> _PROBLEM DESCRIPTION_: Please output exactly the lines from the one that holds "Sailboats and the" through the final line of the data, and nothing else; leave out any pictures.

INFORMATION SUPPLIED: Begin

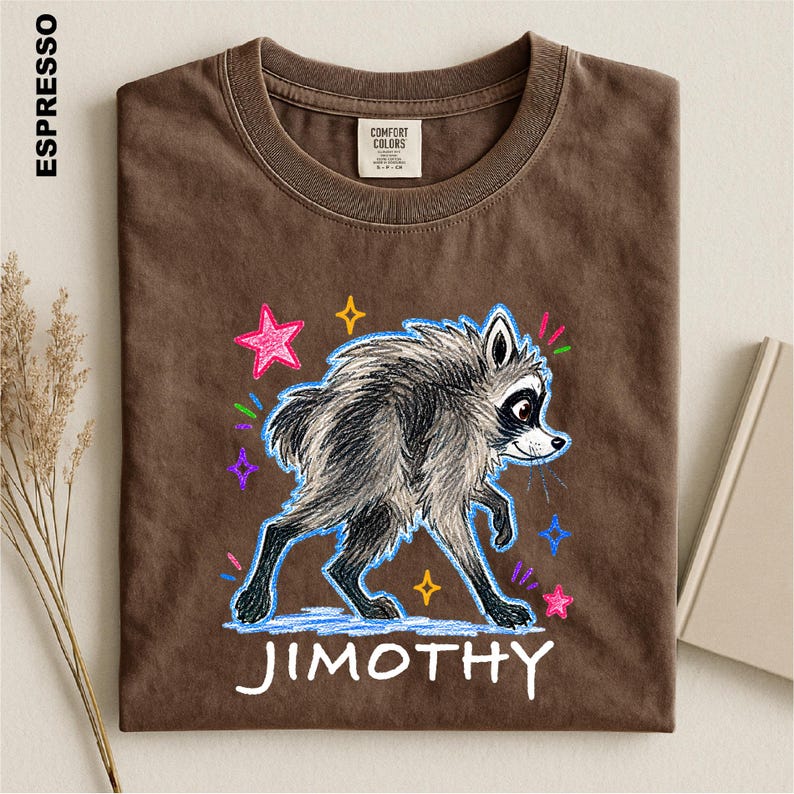 May include: An espresso brown t-shirt featuring a graphic of a grey raccoon with a sketch-like texture. The raccoon is surrounded by colorful hand-drawn style stars in pink, yellow, and blue. The name JIMOTHY is printed in white below the raccoon.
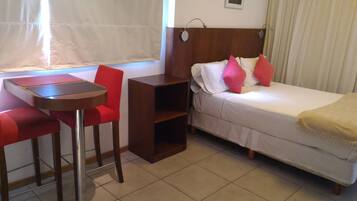 Una habitación de hotel pequeña con una cama individual, una mesita de noche, una silla y una ventana con cortinas.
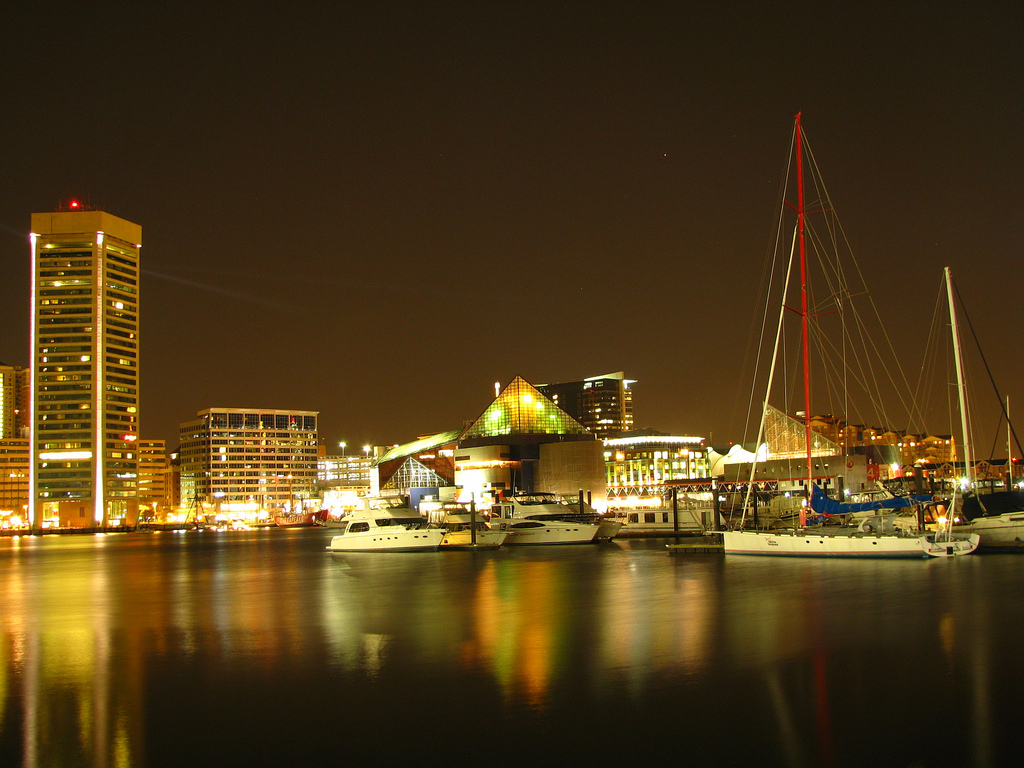 Sailboats and the waterfront promenade at Baltimore's Inner Harbor in Maryland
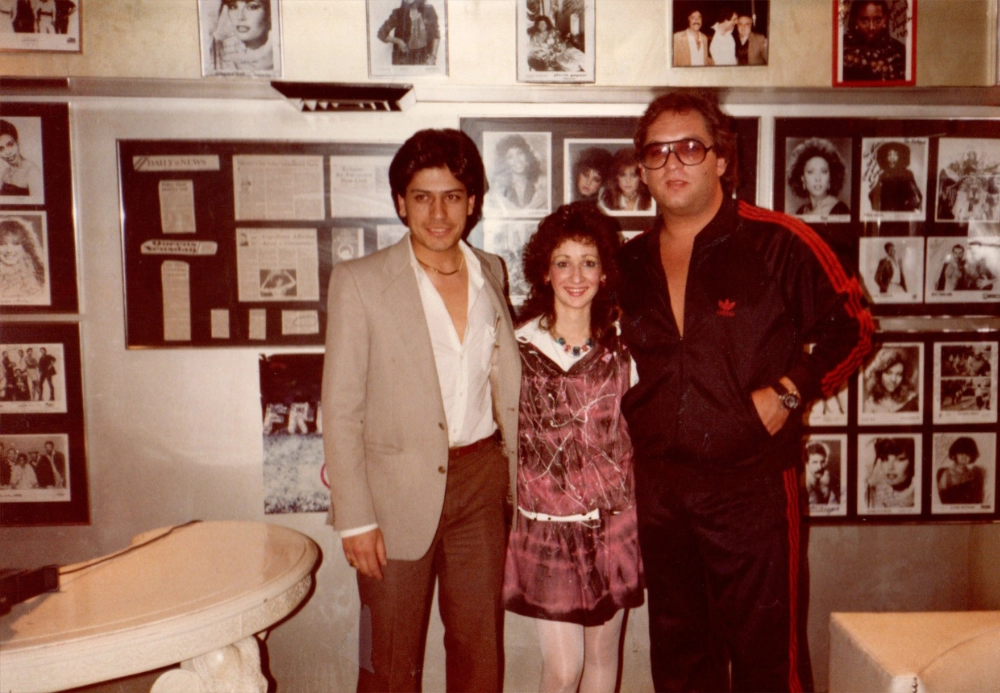 Three people posing indoors in front of a wall covered with framed photographs and newspaper clippings; the woman in the center wears a pink dress, the man on the left wears a beige blazer and brown pants, and the man on the right wears a black tracksuit with red stripes and large sunglasses.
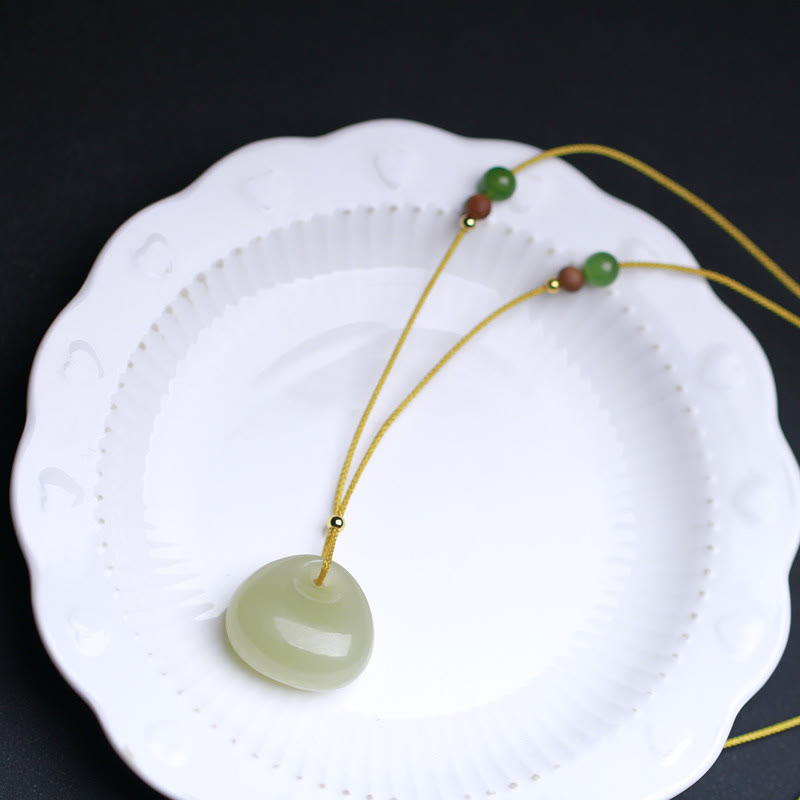 Pair of Hetian jade prosperity pendants arranged on white porcelain plate, smooth light green jade charms on yellow cords overhead view
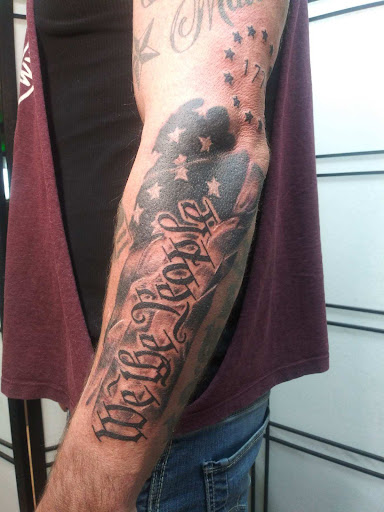 Explore growth tattoo ideas for guys, creative tattoo ideas in Decatur, available at Exclusive Ink Tattoos & Body Piercings 22nd & Wood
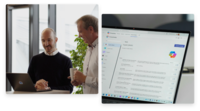 Zwei Mitarbeitende im Büro an einem Laptop neben einem Monitor mit geöffneter Softwareanwendung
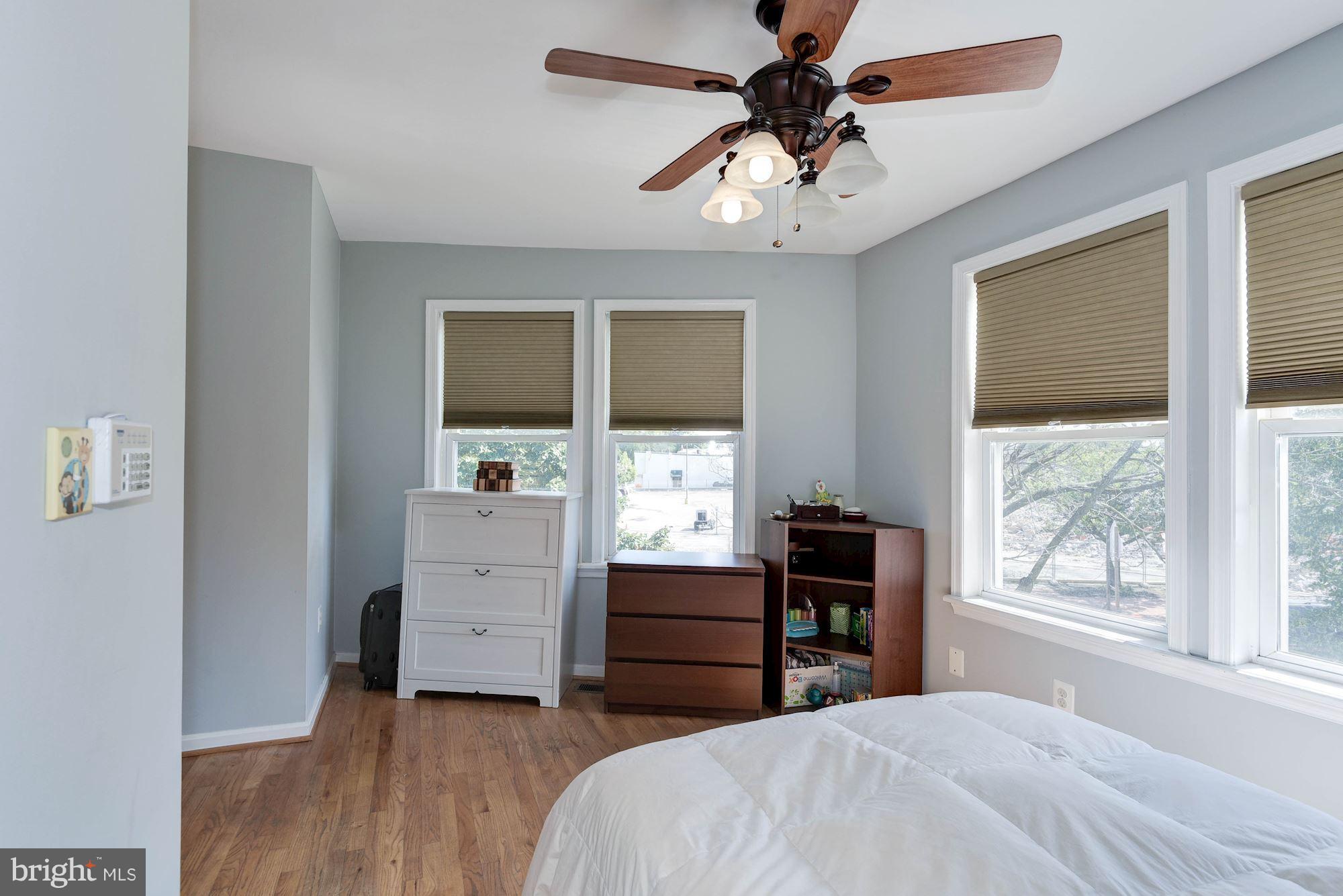 349 Kentucky Avenue Southeast Washington, DC 20003 - Photo 16 of 29 a bedroom with a bed and a window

INFORMATION SUPPLIED: End

> _FINAL ANSWER_:
 Sailboats and the waterfront promenade at Baltimore's Inner Harbor in Maryland
 Three people posing indoors in front of a wall covered with framed photographs and newspaper clippings; the woman in the center wears a pink dress, the man on the left wears a beige blazer and brown pants, and the man on the right wears a black tracksuit with red stripes and large sunglasses.
 Pair of Hetian jade prosperity pendants arranged on white porcelain plate, smooth light green jade charms on yellow cords overhead view
 Explore growth tattoo ideas for guys, creative tattoo ideas in Decatur, available at Exclusive Ink Tattoos & Body Piercings 22nd & Wood
 Zwei Mitarbeitende im Büro an einem Laptop neben einem Monitor mit geöffneter Softwareanwendung
 349 Kentucky Avenue Southeast Washington, DC 20003 - Photo 16 of 29 a bedroom with a bed and a window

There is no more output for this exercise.